À la 68e minute, la meilleure occasion congolaise surgit : une frappe lointaine d’Olga Massombo, détournée en corner par une belle envolée de Petronella Musole. Le banc congolais s'était levé comme un seul homme. Mais l’égalisation ne venait toujours pas.

Nora Häuptle : « On a été solidaires, et c’est la clé »

À l’issue de la rencontre, Nora Häuptle affichait un sourire en coin. Son équipe n’a pas toujours maîtrisé le match, mais elle l’a gagné avec détermination et s’est qualifiée pour les quarts de finale.

« Ce que j’ai aimé, c’est la discipline. On savait que la RD Congo allait pousser, et on a défendu en équipe. Rachael a été décisive, mais c’est tout le groupe qui a résisté. Et surtout : quel soutien de nos fans aujourd’hui ! C’était comme jouer à Lusaka. »

La technicienne suisse, habituellement discrète, n’a pas caché son émotion devant le spectacle offert par les tribunes : « Je n’avais jamais vu une telle ambiance à El Bachir. Voir nos supporters et ceux de la RD Congo se répondre en musique, avec autant de respect… C’est aussi cela, cette CAN. Une fierté pour nous tous »

Hervé Happy : « On a perdu sur un détail »

Du côté congolais, la frustration se mêlait à la dignité. Hervé Happy, le sélectionneur des Léopards Dames, regrettait le manque de réalisme mais saluait l’état d’esprit de ses joueuses : « C’est un match qu’on ne doit pas perdre. Mais on a pris un but tôt et on a couru après le score. Nos filles ont donné tout ce qu’elles avaient. Je retiens l’envie, l’audace et le courage. » Interrogé sur l’ambiance exceptionnelle, Happy esquissa un sourire : « C’était exceptionnel. Les supporters nous ont portés. J’ai entendu des chants que je n’avais plus entendus depuis les stades de Kinshasa… Ça, c’est le Congo. Même dans la défaite, on chante. Et je suis sûr qu’on reviendra plus forts. »

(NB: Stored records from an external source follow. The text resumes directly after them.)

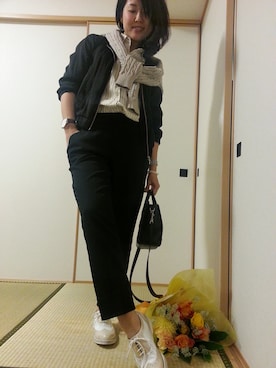 小春さん（レディース・163cm）の春コーディネート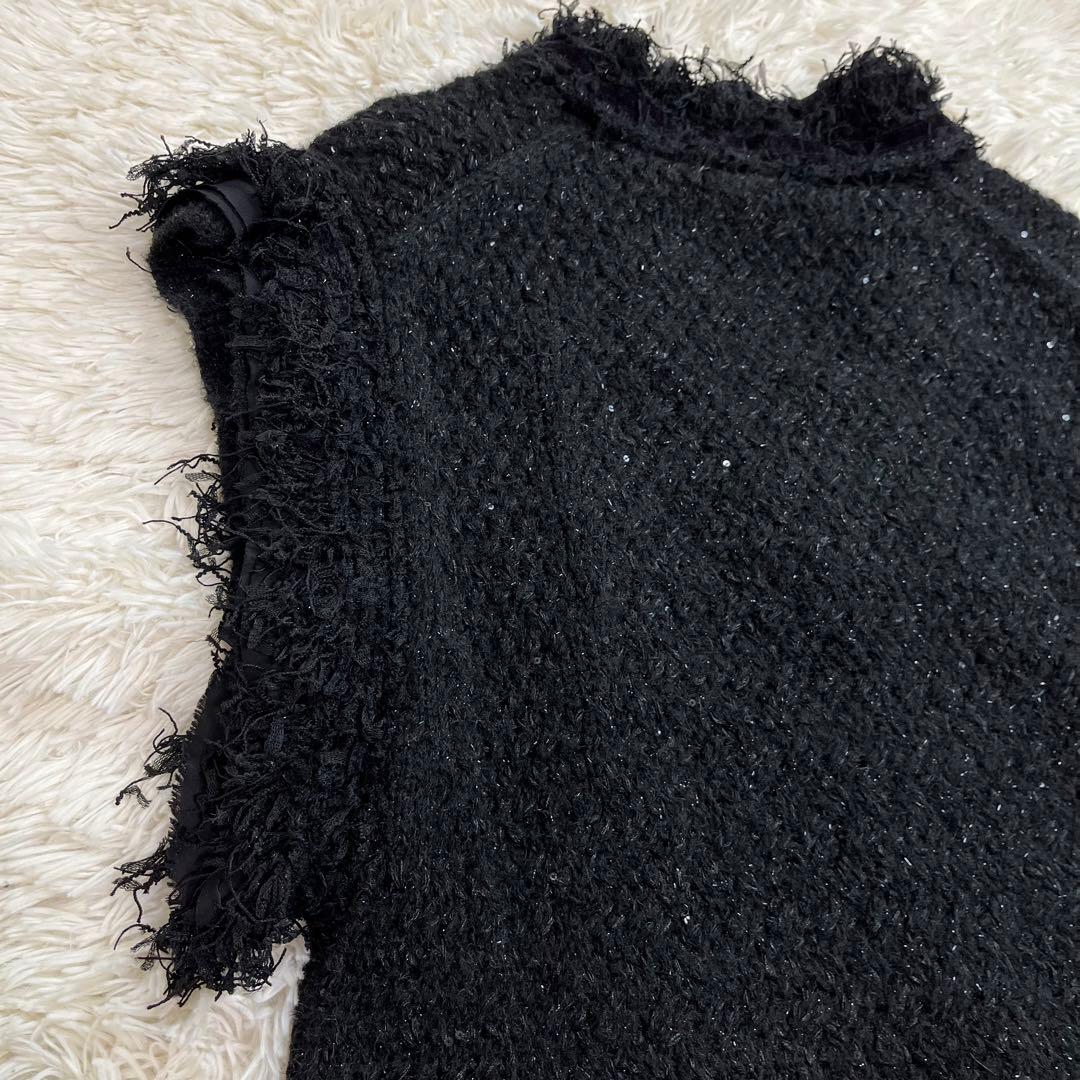 curensology エトワールニットツイードベスト 23FW ニット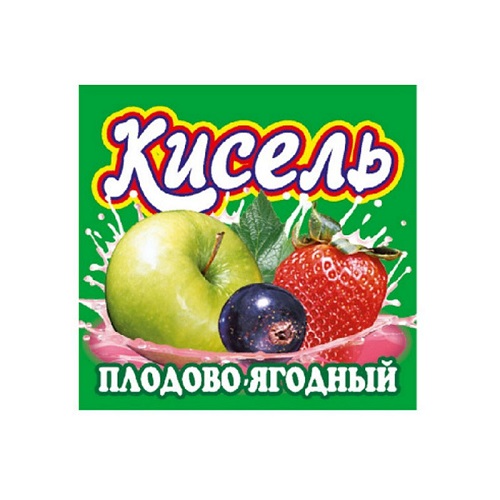 Кисель Плодово-ягодный, Asyl, 170 гр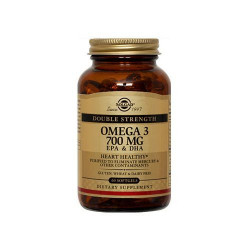 Buy Solgar (slang) omega-3 double EPK and DHC capsules 700mg №30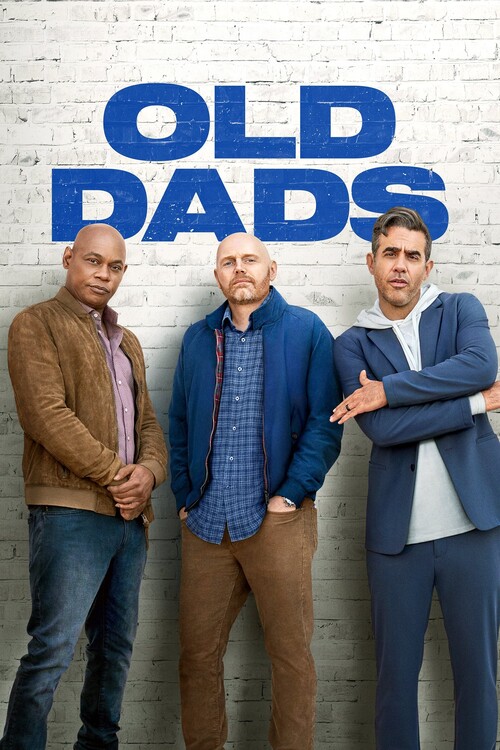 Плакат Old Dads (2023)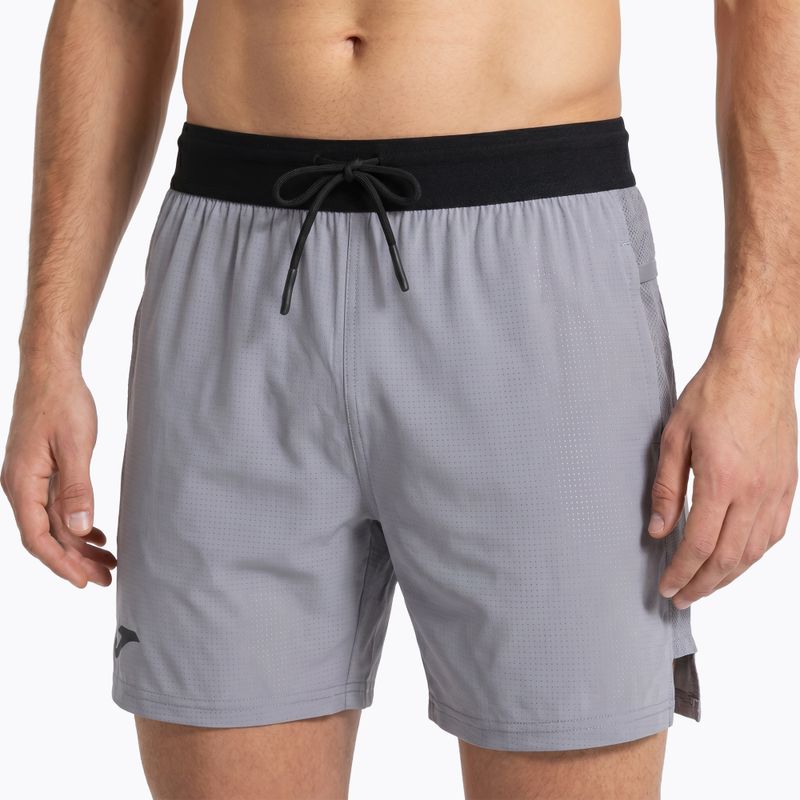 Pantaloni scurți de alergare pentru bărbați Joma R-City gri 103170.276 5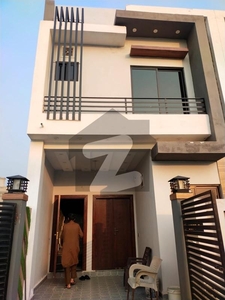 3 Marla Brand New On Main Boulevard House For Sale In Al Kabir Town Phase 2 Lahore. Al-Kabir Town Phase 2
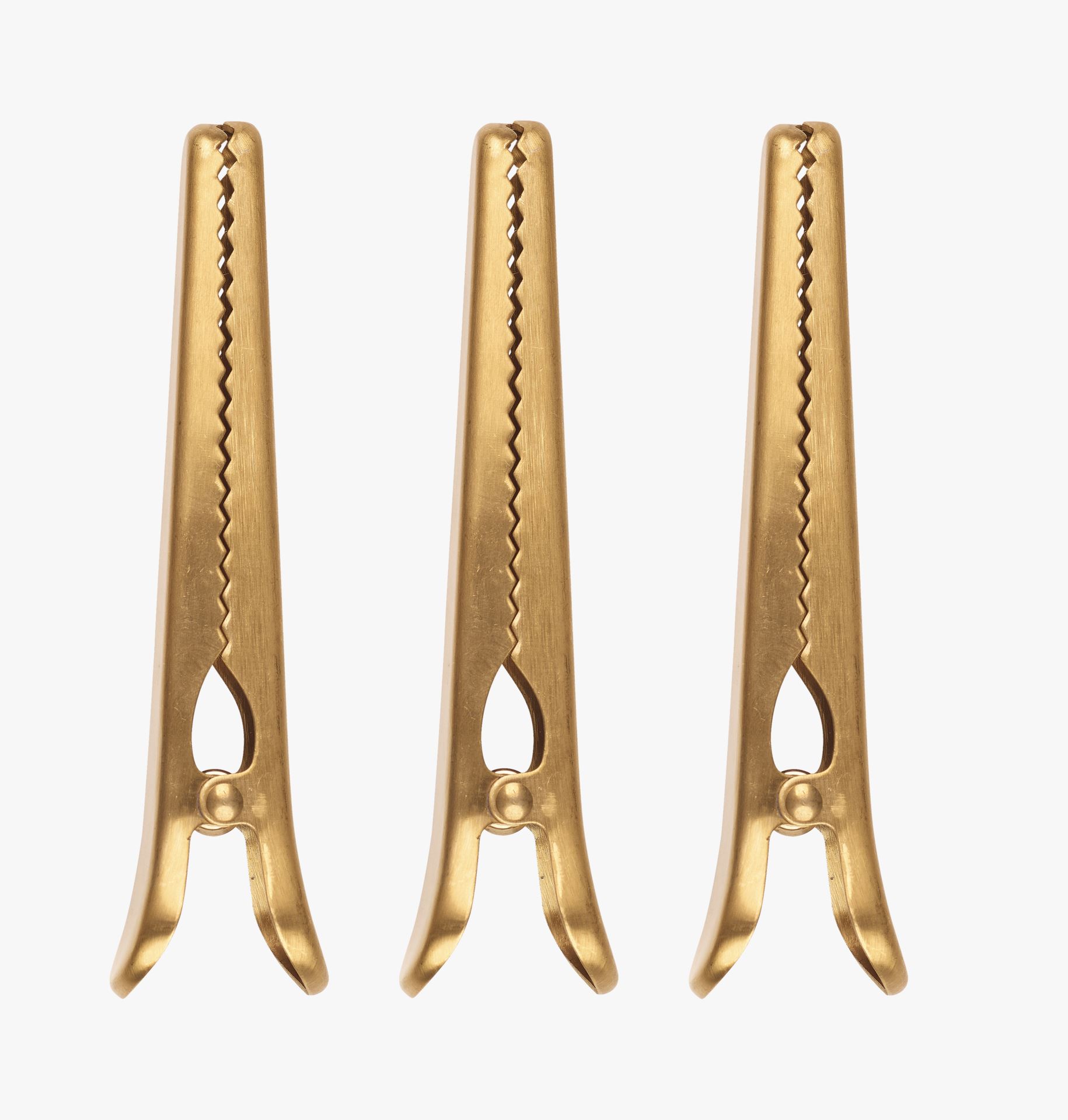 Lang klype 3 pk gull - 2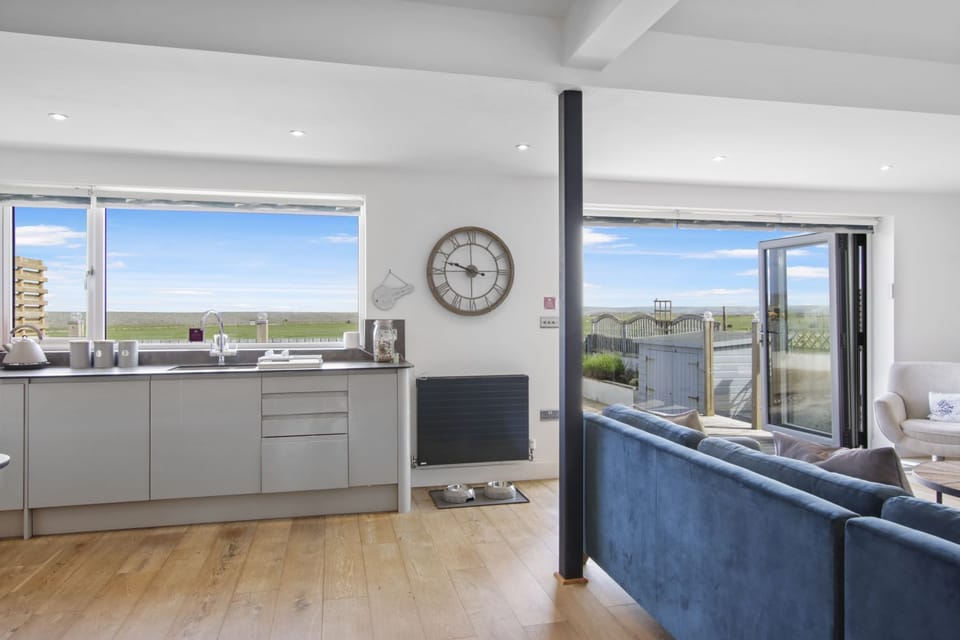 Ridgeview Kitchen Window View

La plus belle nuit d’El Bachir

Dans ce stade de Mohammédia, théâtre de plusieurs rencontres du Groupe A, le duel entre la Zambie et la RDC restera comme l’apogée émotionnelle du tournoi dans cette enceinte. Non pas pour le score (1-0), mais pour ce qu’il s’est passé autour.

Les supporters des deux camps sont restés longtemps après le coup de sifflet final. Ils ont échangé des chants, des sourires, des danses, et même des selfies avec les joueuses. Certains ont improvisé une ronde mixte aux abords de la tribune principale. « Ce soir, j’ai vu l’Afrique que j’aime », résume Joëlle, étudiante congolaise installée à Casablanca. « Des sœurs, des frères, des chansons et du football. Ce n’était pas un simple match. C’était une célébration. »

Et pendant que les projecteurs s’éteignaient doucement sur la pelouse d’El Bachir, les voix, elles, continuaient de résonner. Un but a suffi. Mais ce soir-là, à El Bachir, c’est tout un stade qui a gagné. Gagné en intensité, en volume, en émotion pure. Dans les tribunes, la Zambie et la RD Congo se sont rendues coup pour coup, chants contre tambours, sourires contre silences. Sur le terrain, Kundananji a frappé, et les Copper Queens ont tenu. Le score est resté figé, mais la mémoire, elle, est pleine.